My good days scare my husband, which makes me sad.
After 17 months he expects my bad days and he has learned how to prepare himself for them. He can feel them coming and it’s almost a relief for him when they arrive, the anticipation is worse than the tears. I think he in a sick twisted way, likes the bad days, he needs my anger, it is what he thinks he deserves. He does, but I’m getting tired of giving him the punishment he craves. I’m tired of baking hate filled cookies and cramming them down his throat, watching him swallow over and over and ask for more. I’m kind of ready to move on, to maybe bake some cookies with sprinkles or chocolate chips, no one else likes the ones oozing hate.
I’ve had a good couple of weeks, no breakdowns since my middle son’s prom. I’ve been able to side step triggers, and at times disarm them with laughter. He has been distant and sad, he pulls me close at bedtime and jumps if I get up for a drink or to shut windows on the brewing storms. He hugs me and tells me how sorry he is, and randomly texts me throughout the days. Texts which tell me how sorry he is for the Hell he has made my life, for breaking me, for letting me down…he texted me while away on a business trip “I am a good person”, I often wonder about the demons he continues to fight. How many of them wear my face and use my words to hurt him?

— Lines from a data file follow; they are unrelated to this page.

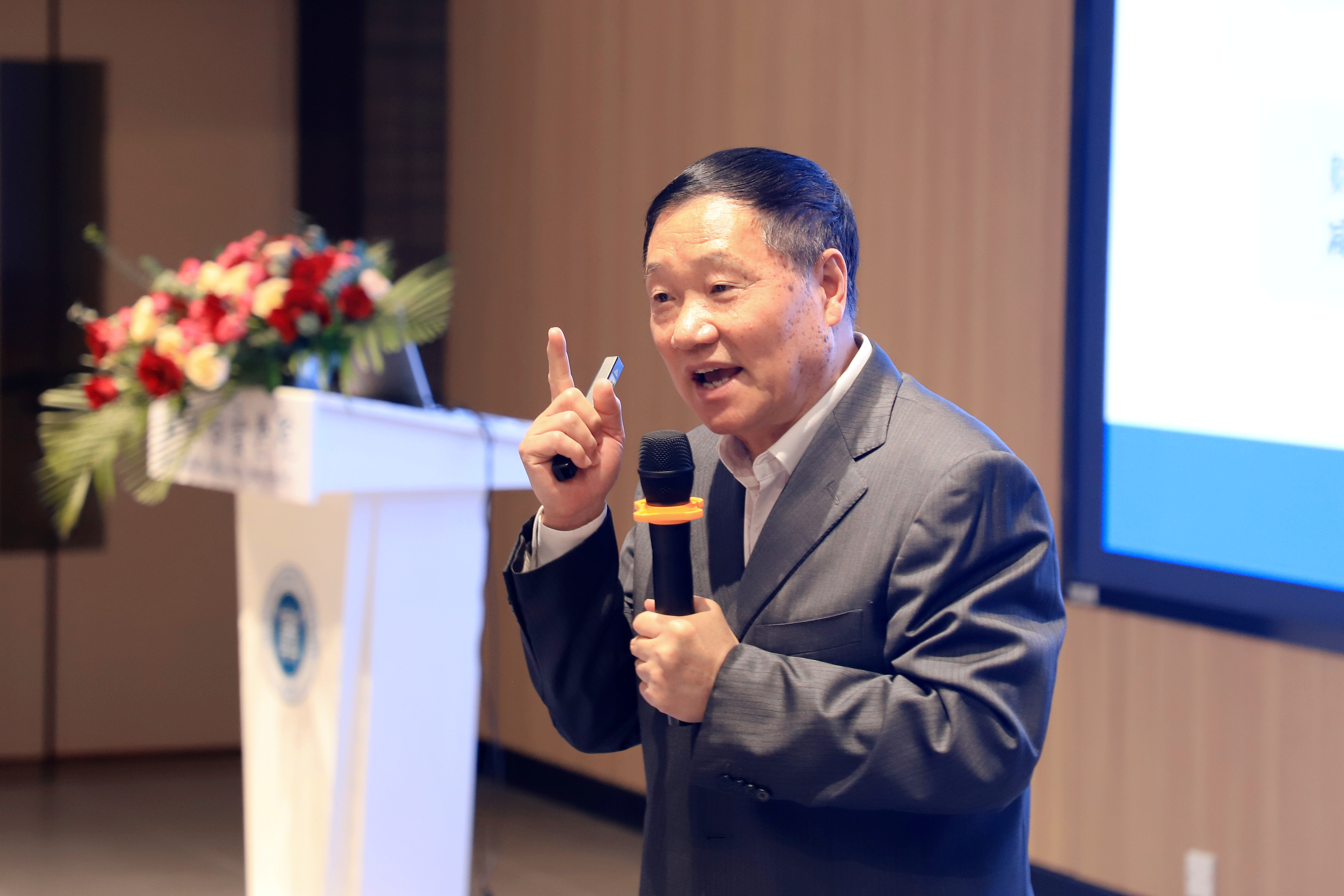 图片 2.png 图片 2.png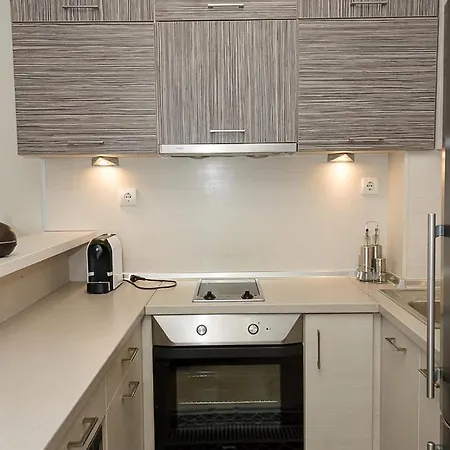 Appartement Black & White -1bd Flat In Center By Flat Mаnager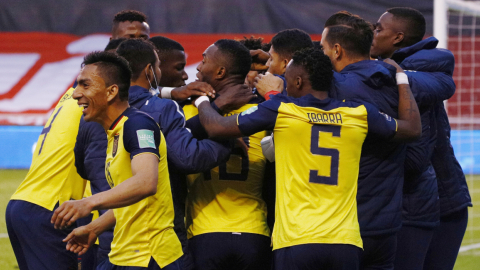 Los jugadores de la selección ecuatoriana celebran uno de los goles ante Colombia, el martes 17 de noviembre de 2020, en el estadio Rodrigo Paz Delgado.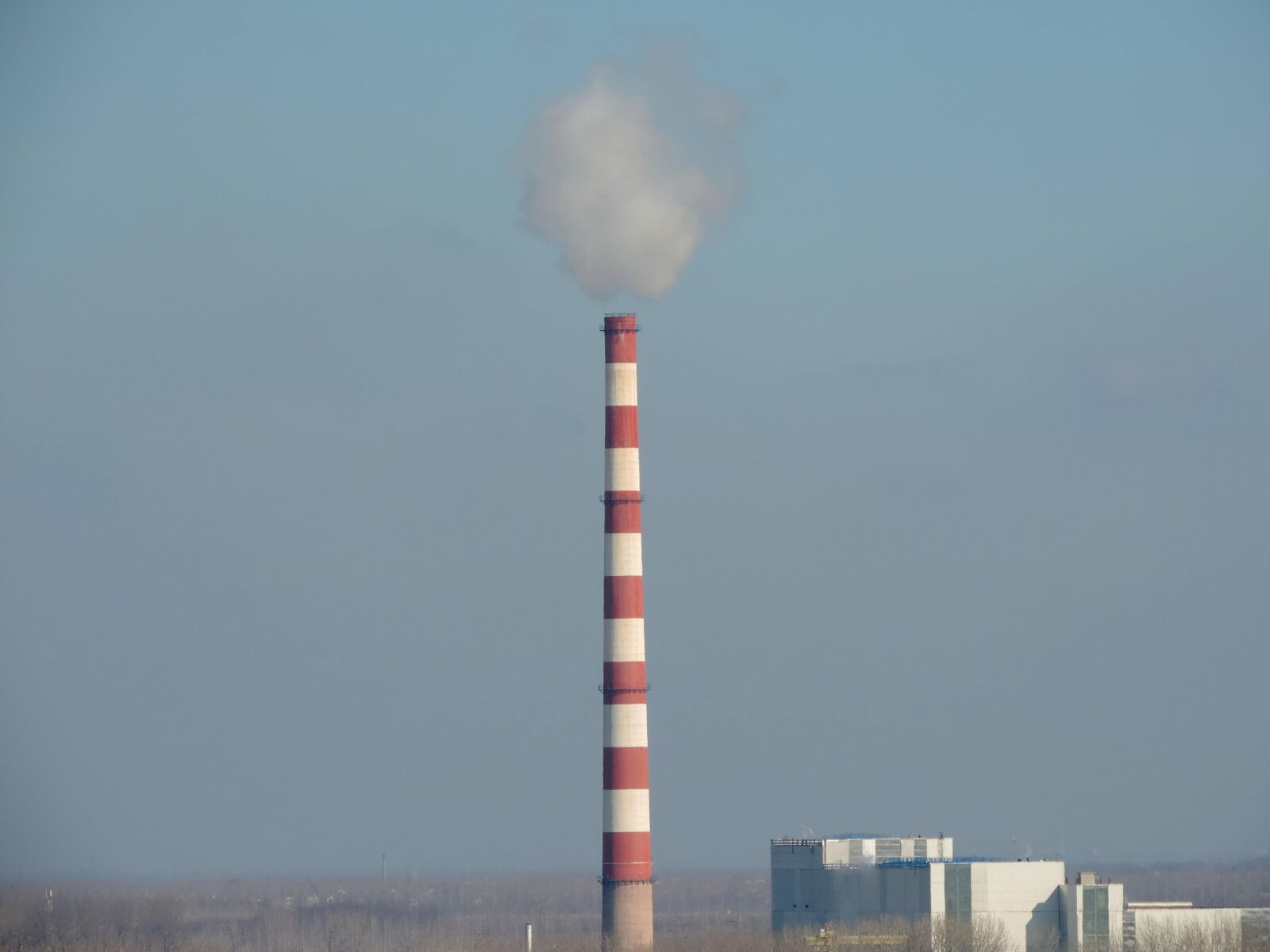 Nikon Coolpix P520 sample photo. Pollution, smog, tower, chimney photography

I have been productive and busy, planting flowers and digging holes, scrubbing floors and throwing out junk. I have been as normal as I ever have been since D-day, and it is breaking his heart. He is getting a glimpse of the woman I was before he started his affair, before my world came crashing down, and it hurts him.
I wish he didn’t miss me, I wish he didn’t love the person I was, because she comes to visit but she never stays. I know when the triggers overload me, and the voices get loud again, I/she will be gone. The sadness will return and he will come home to dying flowers and a dirty house again. I wish he had realized he loved me and what he was going to lose before the affair. I wish he hadn’t been blinded by whore colored glasses and the promises of fun and no resposobilites…I wish I could give him the person I was back forever.